EXCERPTED RECORDS
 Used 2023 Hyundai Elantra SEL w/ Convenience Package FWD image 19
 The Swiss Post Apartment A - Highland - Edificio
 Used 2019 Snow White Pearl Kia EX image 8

--

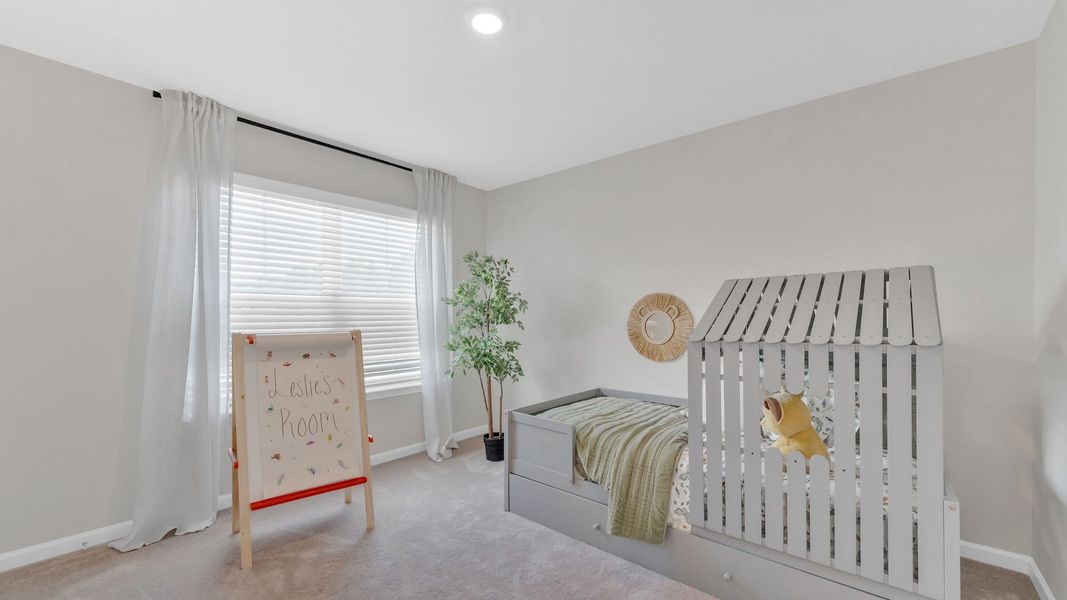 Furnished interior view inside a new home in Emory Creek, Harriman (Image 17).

YOUR TASK
Every line of the listing that includes the word "Used" must be copied.

EXERCISE RESULT
 Used 2023 Hyundai Elantra SEL w/ Convenience Package FWD image 19
 Used 2019 Snow White Pearl Kia EX image 8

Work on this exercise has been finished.